Jennifer Lawrence es una bestia parda. Es buenísima. Tiene un carisma, una fuerza y un vozarrón fuera de lo normal. En su tercer trabajo a las órdenes de David O. Russell arrasa con todo. Sobre el papel, su personaje destila algo que da un poco de rabia: el desespero del director de la película por crear un personaje “importante”. Pero, interpretado por ella, Joy deja de ser un personaje diseñado para los Oscar para convertirse en un personaje femenino poderoso y con entidad.
Lawrence juega al menos con un par de cosas en contra. Una, la forzada excentricidad del conjunto: basta ya de intentos deshonestos de hacer cine extravagante, por favor. La segunda, la obligación de pasar, como en La gran estafa americana (2013), por una mujer mayor que ella. La verdadera Joy Mangano, la reina de la teletienda en la que se inspira la película, tenía diez años más que Lawrence cuando diseñó la fregona que activa la odisea de la protagonista. Aun así, la actriz encuentra la verdad del personaje y consigue que, pese a los obstáculos que el director le pone en el camino, su historia tenga interés y su suerte (tanto la buena como la mala) resulte conmovedora.
Lawrence es, con diferencia, lo mejor de Joy. Lo que, obviamente, no quiere decir que Russell no tenga ningún mérito. Es un perfil de director bastante curioso. Ha caído en gracia a los académicos, que desde The Fighter (2010) nominan sus películas por sistema, realmente no ha hecho nada lo bastante relevante como para generar las simpatías y antipatías que despierta y, aunque no tiene ninguna obra maestra, sus películas llegan siempre con una especie de aureola de filmes importantes.
¿Qué pasa aquí? ¿Es bueno o es malo? ¿Es un cineasta interesante o la auténtica estafa americana? Mi sensación es que, aunque haya una necesidad obvia de encontrar grandes autores en Hollywood, Russell no es, de momento, uno de ellos. Lo que no quiere decir que sea un timo. Hay muchas más razones por las que seguirle que motivos por los que rechazarle, la mayoría evidentes en Joy. Pero, de alguna forma, es como si brillara en sus pretensiones pero nunca acabara de cuajar en la ejecución.

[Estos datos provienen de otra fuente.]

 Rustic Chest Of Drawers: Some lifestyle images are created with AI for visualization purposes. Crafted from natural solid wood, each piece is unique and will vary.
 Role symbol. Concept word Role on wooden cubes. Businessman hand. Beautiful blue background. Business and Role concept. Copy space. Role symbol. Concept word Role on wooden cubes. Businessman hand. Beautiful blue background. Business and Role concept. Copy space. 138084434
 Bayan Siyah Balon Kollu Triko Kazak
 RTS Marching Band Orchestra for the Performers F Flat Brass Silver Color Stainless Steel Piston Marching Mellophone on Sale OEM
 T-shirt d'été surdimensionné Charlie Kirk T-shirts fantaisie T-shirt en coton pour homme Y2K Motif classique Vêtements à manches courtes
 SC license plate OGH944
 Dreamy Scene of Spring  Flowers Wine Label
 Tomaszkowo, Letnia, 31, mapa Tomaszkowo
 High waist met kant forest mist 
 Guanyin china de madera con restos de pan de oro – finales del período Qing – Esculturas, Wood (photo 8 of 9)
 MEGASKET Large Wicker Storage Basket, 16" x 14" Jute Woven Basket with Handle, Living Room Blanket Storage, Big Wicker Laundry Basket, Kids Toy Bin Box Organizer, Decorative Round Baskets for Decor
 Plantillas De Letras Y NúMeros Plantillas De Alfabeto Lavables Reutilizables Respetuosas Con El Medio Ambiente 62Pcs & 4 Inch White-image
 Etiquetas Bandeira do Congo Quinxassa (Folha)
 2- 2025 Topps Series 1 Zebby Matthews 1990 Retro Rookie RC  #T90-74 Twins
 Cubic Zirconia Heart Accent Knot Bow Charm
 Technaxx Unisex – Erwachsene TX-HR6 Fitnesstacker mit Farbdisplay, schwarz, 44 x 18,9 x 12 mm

Aunque se contradiga con esa necesidad de encumbrarle como autor, no hay realmente un patrón claro en su filmografía. Su convencional drama pugilístico The Fighter y la mamarrachada posmoderna Extrañas coincidencias (2004) se parecen bien poco. Pero en algunos de sus filmes más interesantes y/o discutidos, a los que se suma ahora Joy, da muestras de varias cosas por las que merece ser tenido en cuenta.
Las más importantes, su esfuerzo por contar historias distintas, por encontrar relatos donde otros nunca mirarían y dar voz a personas atípicas (no olvidemos que Joy es la historia de la reina de la teletienda), y su preocupación por los personajes. Le pueden salir mejor o peor, pero siempre se propone hacer que sean únicos y cuida su rasgos, sus móviles, sus contradicciones. En relación a esto último, merece todo mi respeto por tener un puñado de personajes femeninos potentes en su filmografía, algo de lo que por desgracia no pueden presumir todos los directores contemporáneos.
También tiene interés su deseo de encontrar derivas extrañas, narrativas o de tono, en sus películas. En Joy lo intenta con los secundarios, en un código distinto al de la protagonista (histriónicos y, llegado un punto, crueles), y tomando puntualmente desvíos casi fantásticos. No acaba de salirle bien la jugada porque esa tendencia al exceso y esas ensoñaciones pasajeras distraen más que aportan, pero al menos prueba cosas. Esos cambios de tono hacen que la odisea capitalista de Joy, un relato de superación típico pero con ideas de fondo más perversas de lo que parece (el doble rasero de la familia de la protagonista, una visión caricaturesca pero resignada de un mundo económicamente corrupto y la lectura melancólica del éxito que sugiere su final), a ratos se diluya y pierda fuerza.